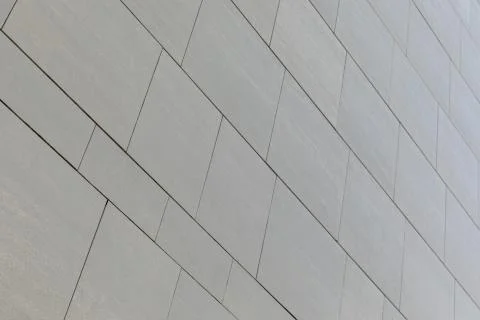 Low angle view of wall with gray smooth tiles of different shape (rectangular Stock Photos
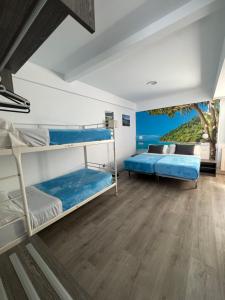 a room with bunk beds and a view of the ocean at Apartamentos Nueva Berria in Santoña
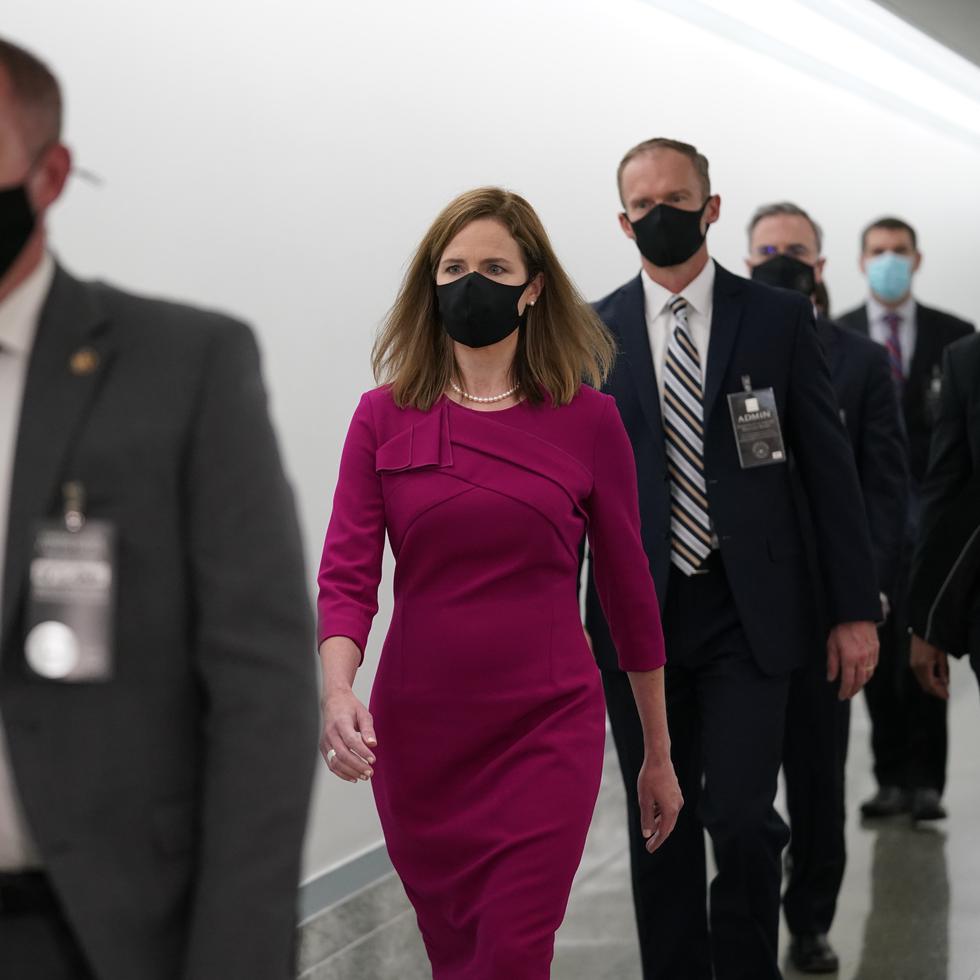 Supreme Court nominee Amy Coney Barrett walks back after a break on Capitol Hill to continue her confirmation hearing before the Senate Judiciary Committee, Monday, Oct. 12, 2020 on Capitol Hill in Washington. (AP Photo/J. Scott Applewhite)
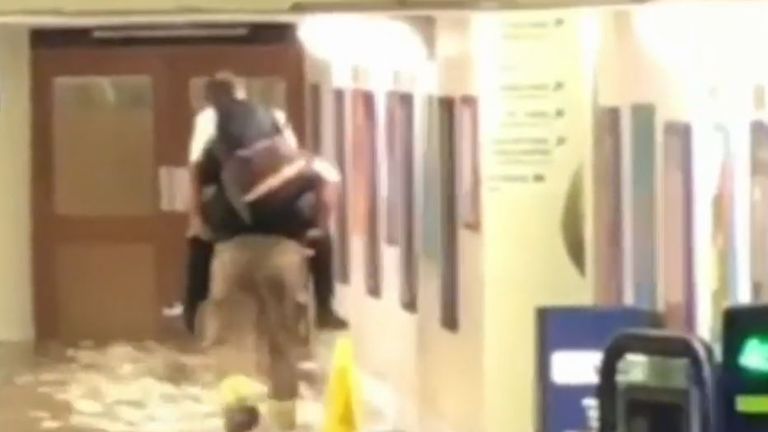 Firefighters give piggybacks at flooded station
--
§ HOW TO COMPLETE THIS TASK:
Where the line holding "a room with" appears, start copying, and continue exactly through the last line of the listing, both ends included, skipping the pictures.

§ EXERCISE ANSWER:
 a room with bunk beds and a view of the ocean at Apartamentos Nueva Berria in Santoña
 Supreme Court nominee Amy Coney Barrett walks back after a break on Capitol Hill to continue her confirmation hearing before the Senate Judiciary Committee, Monday, Oct. 12, 2020 on Capitol Hill in Washington. (AP Photo/J. Scott Applewhite)
 Firefighters give piggybacks at flooded station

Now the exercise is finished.